▶ **Try it**
Copy the data that follows exactly. Include no pictures.

======== Extracted information

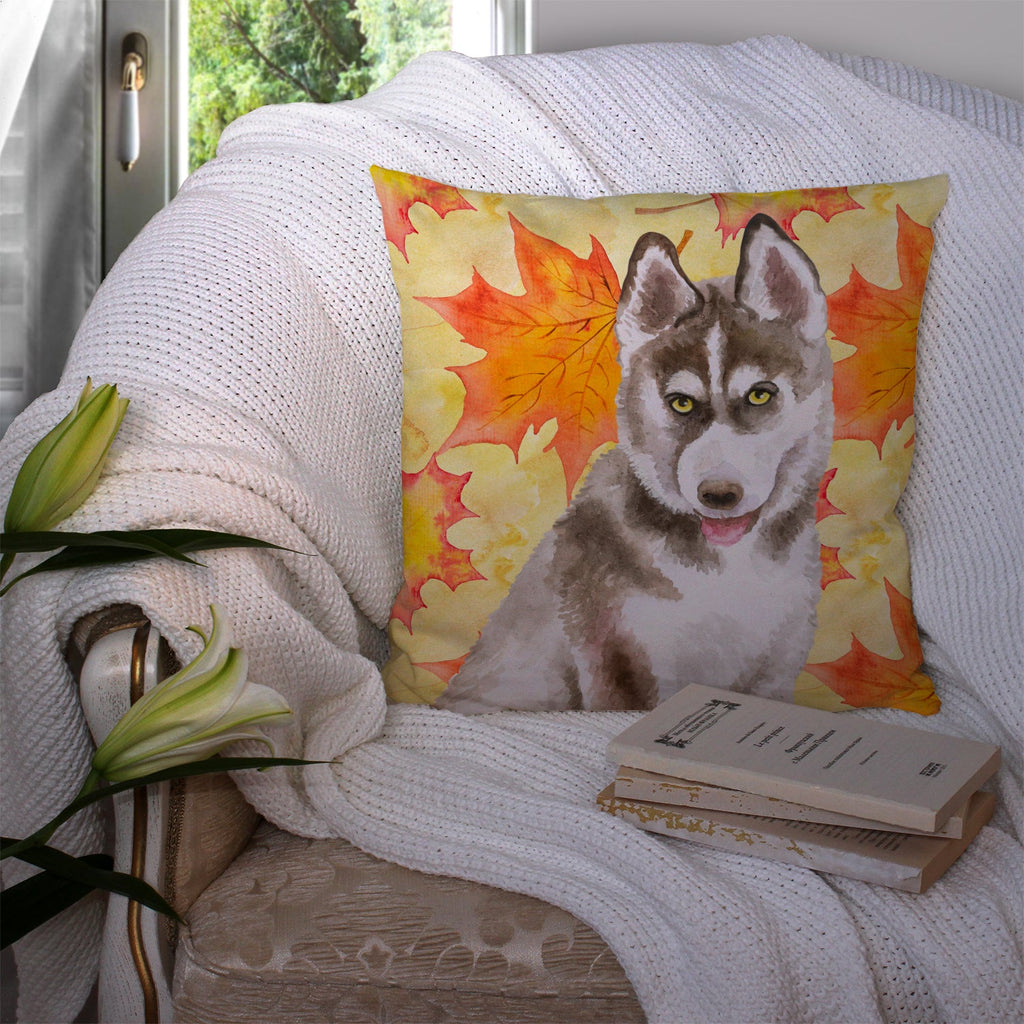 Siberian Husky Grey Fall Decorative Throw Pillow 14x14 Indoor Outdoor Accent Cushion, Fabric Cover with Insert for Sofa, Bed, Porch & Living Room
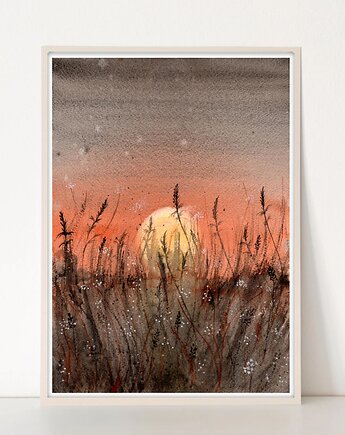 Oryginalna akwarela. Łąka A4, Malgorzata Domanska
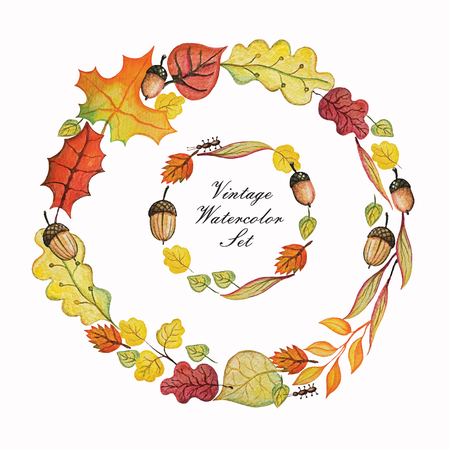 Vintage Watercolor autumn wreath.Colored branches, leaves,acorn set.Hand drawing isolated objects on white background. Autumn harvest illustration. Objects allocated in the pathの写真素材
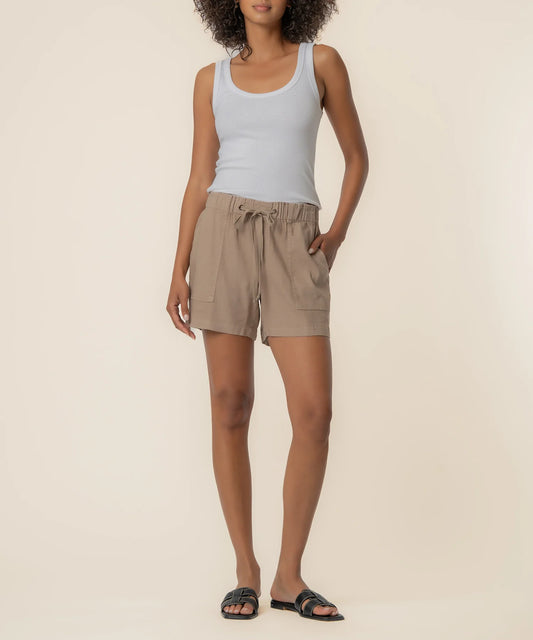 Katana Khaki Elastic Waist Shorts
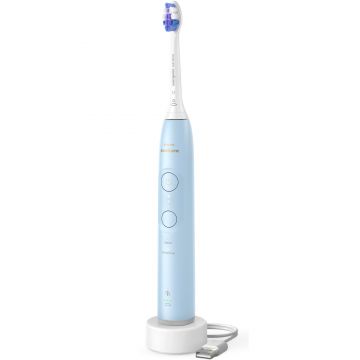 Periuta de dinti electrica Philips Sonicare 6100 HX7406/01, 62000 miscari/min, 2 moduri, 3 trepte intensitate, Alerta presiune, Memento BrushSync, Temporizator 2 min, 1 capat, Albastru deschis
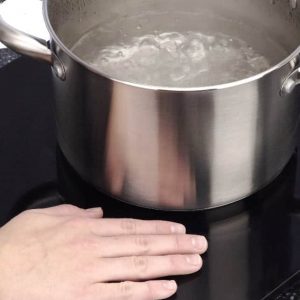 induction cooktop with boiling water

================

▶ **Task response**
 Siberian Husky Grey Fall Decorative Throw Pillow 14x14 Indoor Outdoor Accent Cushion, Fabric Cover with Insert for Sofa, Bed, Porch & Living Room
 Oryginalna akwarela. Łąka A4, Malgorzata Domanska
 Vintage Watercolor autumn wreath.Colored branches, leaves,acorn set.Hand drawing isolated objects on white background. Autumn harvest illustration. Objects allocated in the pathの写真素材
 Katana Khaki Elastic Waist Shorts
 Periuta de dinti electrica Philips Sonicare 6100 HX7406/01, 62000 miscari/min, 2 moduri, 3 trepte intensitate, Alerta presiune, Memento BrushSync, Temporizator 2 min, 1 capat, Albastru deschis
 induction cooktop with boiling water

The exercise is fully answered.